Brad Pitt non è mai stato così cool, è la quintessenza dello stile mentre salta agilissimo sul tetto o dà una lezione a un Bruce Lee fanfarone. Tarantino semplicemente lo segue con la macchina da presa mentre scorrazza in auto per la città, rimorchia una ragazzina o porta a passeggio il cane. Non serve che accada qualcosa. Quel che importa è osservare – e filmare – la continua epifania del cinema, che riporta in vita miracolosamente questo mondo di sconfinata bellezza. Poi certo, nel terzo atto qualcosa succede, con anche l’attesa, per gli spettatori e per chi conosce la Storia, accelerazione brutale. L’autentico significato del film però viene prima. C’Era Una Volta… A Hollywood è come un lunghissimo preambolo divagante e inconcludente. Questo è il suo fascino. Questo potrebbe lasciare delusi i fan di Tarantino – anche se non mancano quelle sequenze di tensione distillata nelle quali è un maestro.

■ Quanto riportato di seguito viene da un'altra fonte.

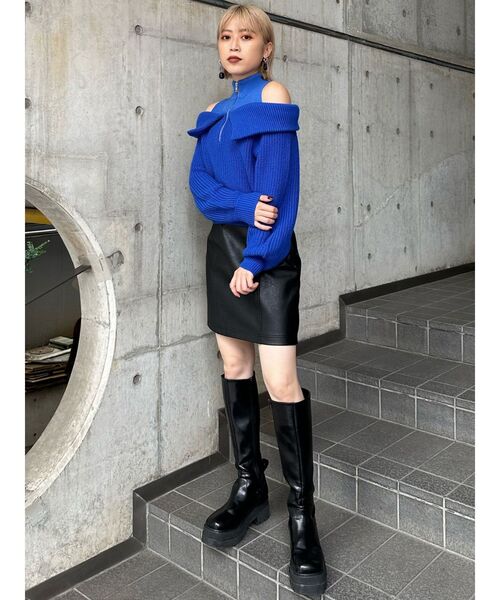 MURUA（ムルーア）の「ショルダーオープンハーフZIPニット（ニット/セーター・レディース・ブラック/ブルー/アイボリー・FREE）」の11枚目の写真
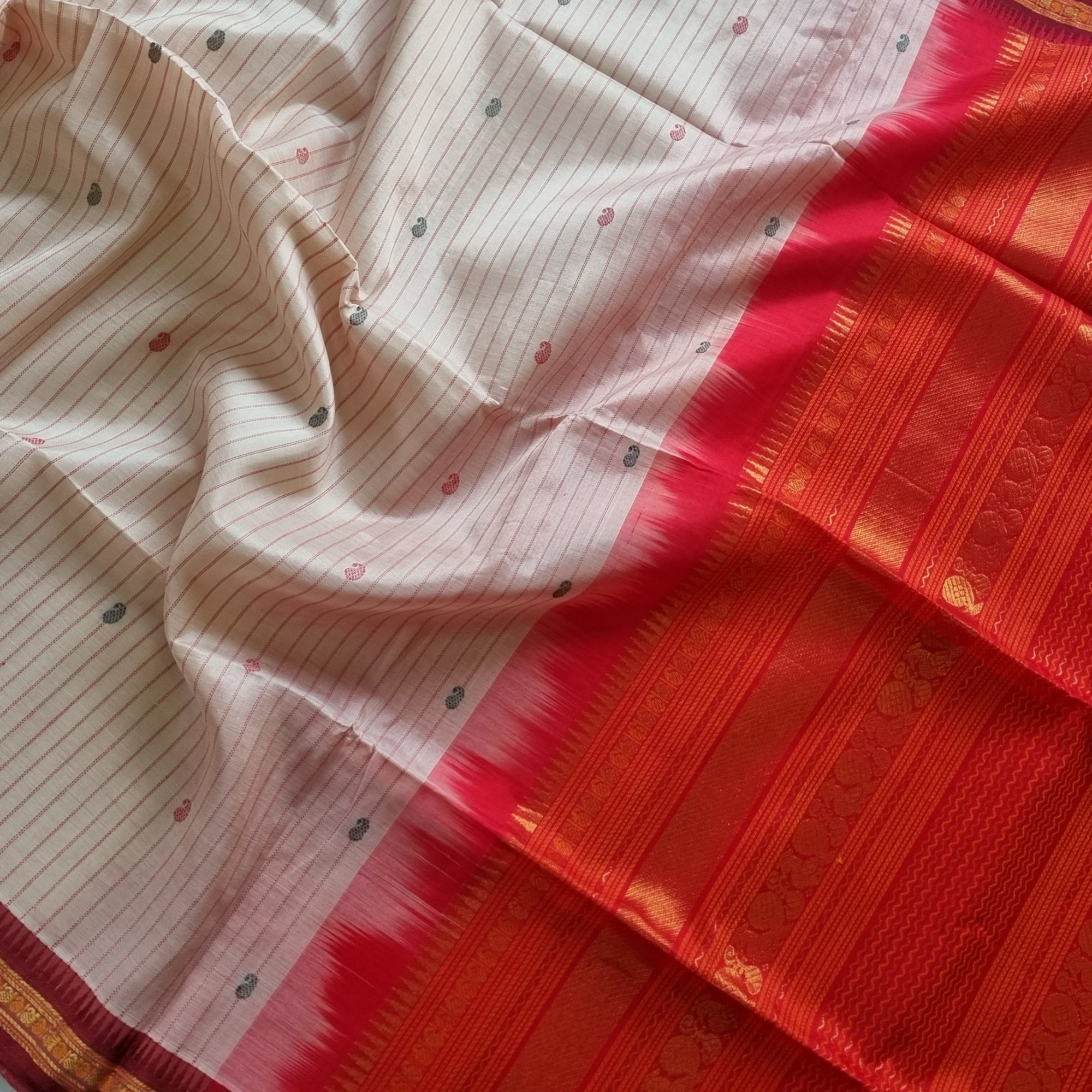 Kanchi Silkcotton beige and red
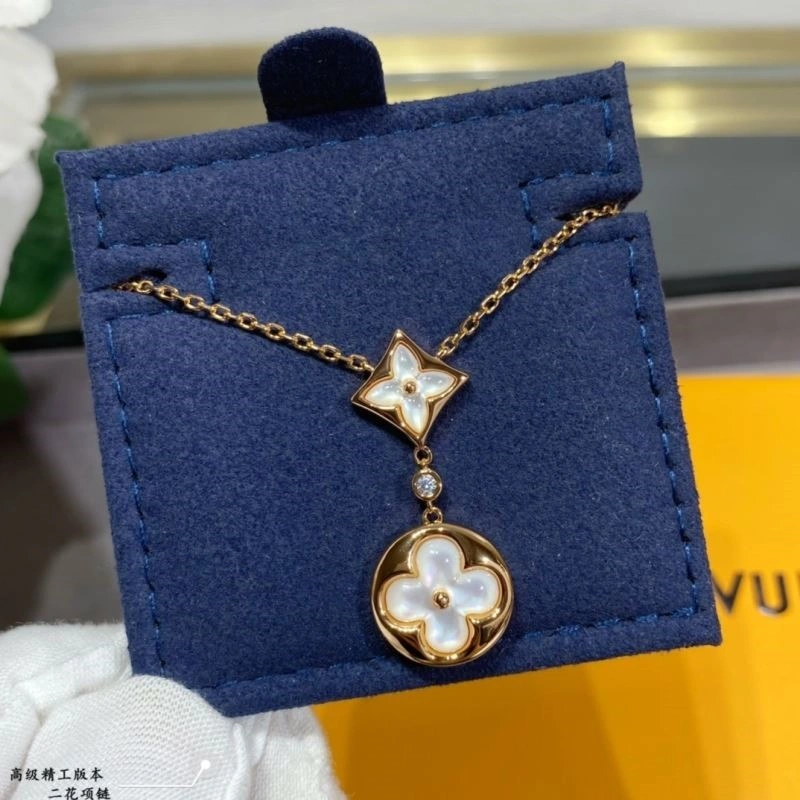 Timeless Louis Vuitton Necklaces 249332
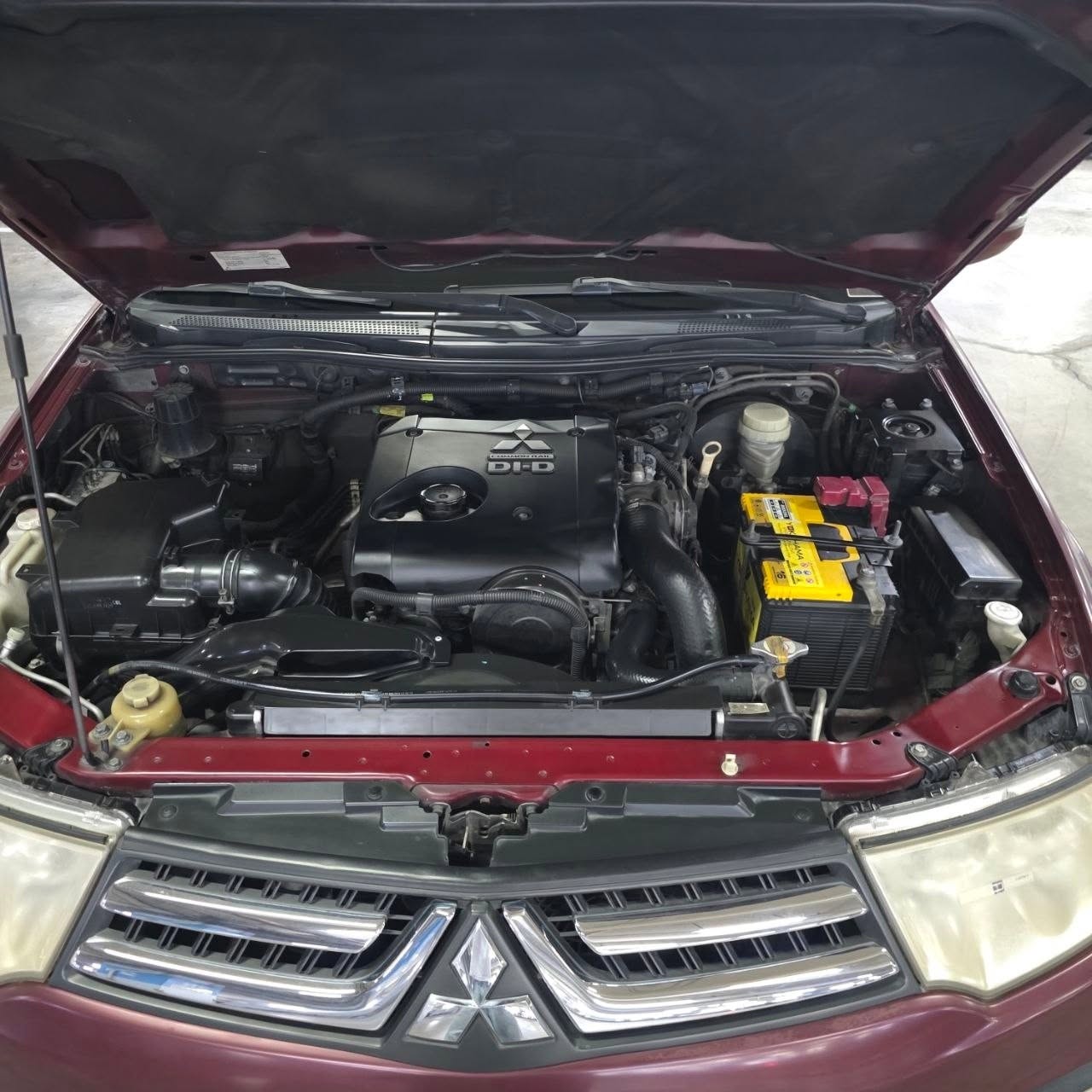 
								2015 Mitsubishi Montero GLX DSL AT full									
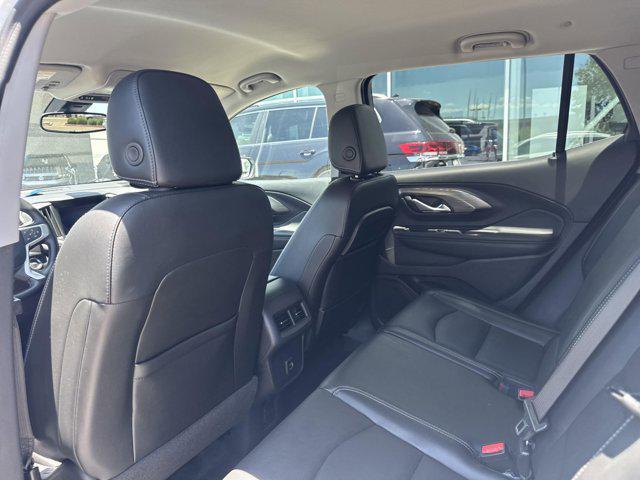 Photo of 2024 Summit White GMC Terrain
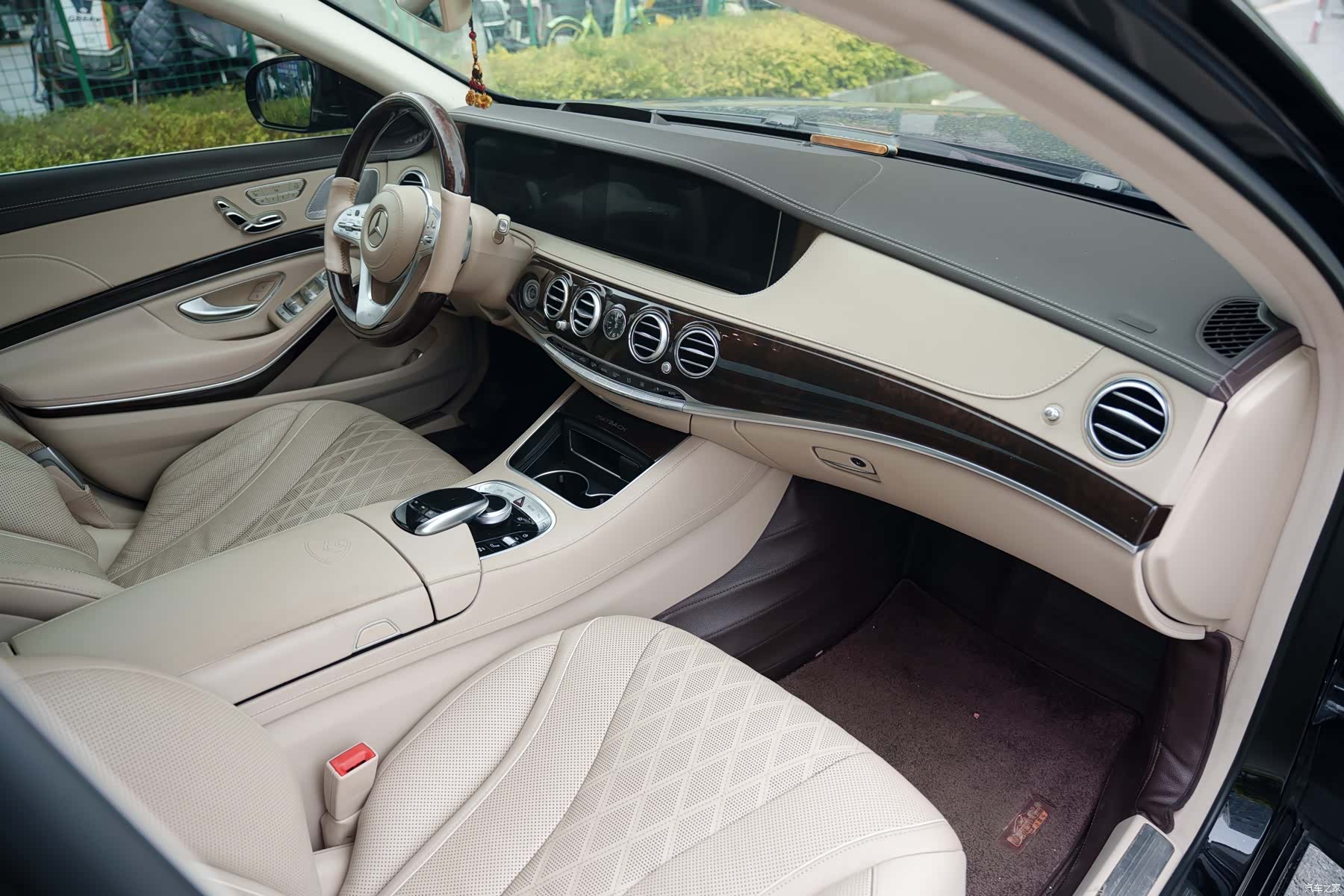 Maybach S-Class, 2018 12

Tarantino percepisce anche l’ossessività di questo amore esclusivo del cinema per sé stesso. A partire dal narcisismo di Sharon Tate che si osserva al cinema. Quel narcisismo nel tormentato Rick Dalton sfocia nel patologico: lui che si guarda allo specchio e si minaccia, lui di fronte a quel doppio (più felice) che è la controfigura Cliff, lui che riascolta i nastri registrati della sua voce per imparare la parte (quindi parla ossessivamente solo con Rick Dalton), lui che come indicazione del suo posto auto ha una gigantografia di sé stesso (un disegno con un volto che mi è sembrato un mix tra DiCaprio e Tarantino). Tutto questo ha un che di sinistro, allarmante. Come l’amore per il cinema. Che è sì bellissimo, ma anche morboso. Perché si finisce per mettere da parte la realtà, preferendo la sala buia rischiarata da una luce carezzevole. E quel mondo proiettato sul fondo della caverna diventa l’unico che esiste davvero.